# Qestion: Vector field and (n-1)-form representation of current density

1. Jan 4, 2006

### mma

Question: Vector field and (n-1)-form representation of current density

Electric current density can be represented by both a vector field and by a 2-form. Integrating them on a given surface must lead the same result. My question is, what is the relation between this vector field and the 2-form. More generally, in an n-dimensional space, between a vector field and an (n-1)-form, which results the same value when integrated on a (n-1) dimensional surface. Is the latter the Hodge-dual of the vector field regarded as an 1-form ? If yes, how can one see this?

Last edited: Jan 4, 2006
2. Jan 4, 2006

### robphy

In n-dim, Hodge-duality relates a k-form with an (n-k)-multivector.
In 3-D, $$j^a=\epsilon^{abc}J_{bc}$$.
You may enjoy the URLs in these earlier threads:
http://www.ee.byu.edu/forms/

3. Jan 4, 2006

### mma

Dear Robphy, thank you very much.
Are you sure that I will find the answer for this question in these references? And before I read all you showed, could you tell me the answer? Yes, or no? Maybe it's trivial for you but not for me, in spite that I know the definition of the Hodge dual.
mma

4. Jan 4, 2006

### robphy

The tensorial relation I gave shows how the current-vector is associated with a current 2-form, in 3-D space. I literally took the Hodge-dual.

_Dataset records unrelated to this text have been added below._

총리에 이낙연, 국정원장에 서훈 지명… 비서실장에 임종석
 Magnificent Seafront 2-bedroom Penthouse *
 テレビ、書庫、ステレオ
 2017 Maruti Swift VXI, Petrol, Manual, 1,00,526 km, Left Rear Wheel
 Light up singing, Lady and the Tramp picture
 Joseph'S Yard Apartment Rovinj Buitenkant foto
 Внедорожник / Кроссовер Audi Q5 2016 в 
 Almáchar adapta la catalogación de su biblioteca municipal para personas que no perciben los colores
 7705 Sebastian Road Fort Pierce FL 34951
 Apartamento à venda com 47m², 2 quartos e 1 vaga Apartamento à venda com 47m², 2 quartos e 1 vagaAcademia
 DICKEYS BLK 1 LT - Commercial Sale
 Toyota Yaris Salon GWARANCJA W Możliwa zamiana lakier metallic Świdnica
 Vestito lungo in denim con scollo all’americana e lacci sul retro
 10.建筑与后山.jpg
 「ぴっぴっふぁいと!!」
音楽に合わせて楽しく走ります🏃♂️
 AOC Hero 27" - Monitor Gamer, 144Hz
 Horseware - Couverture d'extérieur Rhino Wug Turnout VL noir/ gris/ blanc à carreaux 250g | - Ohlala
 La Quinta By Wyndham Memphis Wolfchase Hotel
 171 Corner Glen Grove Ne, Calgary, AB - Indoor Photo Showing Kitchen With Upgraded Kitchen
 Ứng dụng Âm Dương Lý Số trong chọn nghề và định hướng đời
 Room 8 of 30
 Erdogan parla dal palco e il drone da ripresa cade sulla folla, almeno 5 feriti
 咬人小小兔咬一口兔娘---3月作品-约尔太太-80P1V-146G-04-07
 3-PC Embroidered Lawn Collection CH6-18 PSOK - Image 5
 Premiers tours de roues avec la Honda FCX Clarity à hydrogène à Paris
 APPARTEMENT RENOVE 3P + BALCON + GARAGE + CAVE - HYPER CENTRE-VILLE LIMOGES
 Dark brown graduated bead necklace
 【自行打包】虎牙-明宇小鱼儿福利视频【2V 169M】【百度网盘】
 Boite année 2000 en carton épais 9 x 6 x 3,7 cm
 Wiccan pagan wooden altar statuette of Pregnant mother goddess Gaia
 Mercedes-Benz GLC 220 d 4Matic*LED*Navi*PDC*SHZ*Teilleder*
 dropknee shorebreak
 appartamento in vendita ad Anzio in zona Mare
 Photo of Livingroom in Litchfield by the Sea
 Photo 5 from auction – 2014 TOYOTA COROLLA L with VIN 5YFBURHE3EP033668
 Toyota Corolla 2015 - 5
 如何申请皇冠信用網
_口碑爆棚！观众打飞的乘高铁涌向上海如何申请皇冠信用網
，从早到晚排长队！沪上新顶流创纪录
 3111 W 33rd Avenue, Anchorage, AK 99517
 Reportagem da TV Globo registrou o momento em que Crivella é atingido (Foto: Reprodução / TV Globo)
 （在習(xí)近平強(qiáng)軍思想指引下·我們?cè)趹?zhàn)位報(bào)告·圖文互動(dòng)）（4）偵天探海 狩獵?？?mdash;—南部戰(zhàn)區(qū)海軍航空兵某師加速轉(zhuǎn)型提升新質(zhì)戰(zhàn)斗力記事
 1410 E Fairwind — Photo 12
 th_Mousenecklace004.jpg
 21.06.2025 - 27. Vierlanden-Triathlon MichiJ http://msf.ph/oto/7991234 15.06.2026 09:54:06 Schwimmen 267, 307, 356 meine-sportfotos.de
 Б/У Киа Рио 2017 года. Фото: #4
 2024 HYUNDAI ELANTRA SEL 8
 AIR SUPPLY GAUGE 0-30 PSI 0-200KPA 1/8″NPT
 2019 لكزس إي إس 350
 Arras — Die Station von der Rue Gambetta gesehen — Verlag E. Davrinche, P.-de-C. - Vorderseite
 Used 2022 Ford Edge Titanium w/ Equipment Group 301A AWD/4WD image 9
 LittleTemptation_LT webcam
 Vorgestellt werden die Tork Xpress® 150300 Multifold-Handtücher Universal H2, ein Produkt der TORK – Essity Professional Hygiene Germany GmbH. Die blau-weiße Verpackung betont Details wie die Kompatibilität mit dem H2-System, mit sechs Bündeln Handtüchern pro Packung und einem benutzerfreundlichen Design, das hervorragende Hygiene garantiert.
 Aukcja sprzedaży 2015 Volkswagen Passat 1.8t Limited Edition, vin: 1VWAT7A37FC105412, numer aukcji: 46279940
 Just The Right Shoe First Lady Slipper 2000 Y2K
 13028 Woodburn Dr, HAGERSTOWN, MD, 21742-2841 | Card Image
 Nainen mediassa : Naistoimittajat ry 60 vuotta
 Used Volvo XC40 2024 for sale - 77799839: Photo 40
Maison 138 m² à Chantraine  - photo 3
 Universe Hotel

As I said, "In n-dim, Hodge-duality relates a k-form with an (n-k)-multivector. " So, the "Hodge-dual of the vector field regarded as an 1-form" is incorrect... it is an (n-1)-form. I hope I understood your question.

In the old threads I listed,
the links to Burke's pages describes electromagnetism using differential forms... in fact, in a rather unique pictorial way... a sort of visual tensor algebra.
the links to Bossavit's Applied differential geometry discusses forms in more detail than Burke (Bossavit's goal is electromagnetism).
the BYU link describes a course in electrodynamics using differential forms.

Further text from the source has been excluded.